DESCRIPTION OF THE TASK: Repeat exactly the lines of the entries below from the one with "Used Lexus RX" through the one with "Tulia Amboseli Safari Camp Hotel Kültér fotó", both ends included, and nothing else.

■ ■ ■

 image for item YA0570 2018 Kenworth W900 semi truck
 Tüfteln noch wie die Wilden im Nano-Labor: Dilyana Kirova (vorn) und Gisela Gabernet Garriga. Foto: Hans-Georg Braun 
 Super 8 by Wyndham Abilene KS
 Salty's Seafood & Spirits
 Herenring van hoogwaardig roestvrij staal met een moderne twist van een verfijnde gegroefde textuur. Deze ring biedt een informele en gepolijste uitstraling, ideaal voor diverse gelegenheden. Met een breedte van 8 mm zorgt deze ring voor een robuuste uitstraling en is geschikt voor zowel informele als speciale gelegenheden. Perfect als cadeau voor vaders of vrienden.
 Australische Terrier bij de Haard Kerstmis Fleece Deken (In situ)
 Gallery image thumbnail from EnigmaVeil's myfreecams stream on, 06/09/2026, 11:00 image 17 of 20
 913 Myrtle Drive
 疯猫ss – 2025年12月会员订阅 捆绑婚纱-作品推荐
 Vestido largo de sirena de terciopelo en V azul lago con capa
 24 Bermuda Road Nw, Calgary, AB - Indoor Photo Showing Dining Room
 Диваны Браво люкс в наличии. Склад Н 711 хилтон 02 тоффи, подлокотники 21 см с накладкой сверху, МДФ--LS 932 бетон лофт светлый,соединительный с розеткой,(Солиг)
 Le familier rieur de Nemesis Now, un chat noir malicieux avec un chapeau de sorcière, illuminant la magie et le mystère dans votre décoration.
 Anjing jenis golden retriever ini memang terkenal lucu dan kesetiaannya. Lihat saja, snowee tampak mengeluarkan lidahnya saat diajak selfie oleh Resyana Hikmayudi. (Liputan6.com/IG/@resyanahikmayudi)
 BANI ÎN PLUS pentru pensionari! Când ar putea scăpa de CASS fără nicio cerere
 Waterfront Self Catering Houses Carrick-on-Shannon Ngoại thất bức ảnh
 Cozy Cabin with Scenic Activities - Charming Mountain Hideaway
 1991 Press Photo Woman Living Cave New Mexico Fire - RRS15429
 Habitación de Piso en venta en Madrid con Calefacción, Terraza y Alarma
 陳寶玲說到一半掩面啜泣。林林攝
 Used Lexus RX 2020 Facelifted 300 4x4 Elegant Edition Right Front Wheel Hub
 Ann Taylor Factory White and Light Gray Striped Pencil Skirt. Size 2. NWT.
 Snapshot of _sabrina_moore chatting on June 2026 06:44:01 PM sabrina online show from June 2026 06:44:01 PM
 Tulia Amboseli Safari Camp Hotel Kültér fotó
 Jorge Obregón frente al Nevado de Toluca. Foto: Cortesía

■ ■ ■

ANSWER AREA:
 Used Lexus RX 2020 Facelifted 300 4x4 Elegant Edition Right Front Wheel Hub
 Ann Taylor Factory White and Light Gray Striped Pencil Skirt. Size 2. NWT.
 Snapshot of _sabrina_moore chatting on June 2026 06:44:01 PM sabrina online show from June 2026 06:44:01 PM
 Tulia Amboseli Safari Camp Hotel Kültér fotó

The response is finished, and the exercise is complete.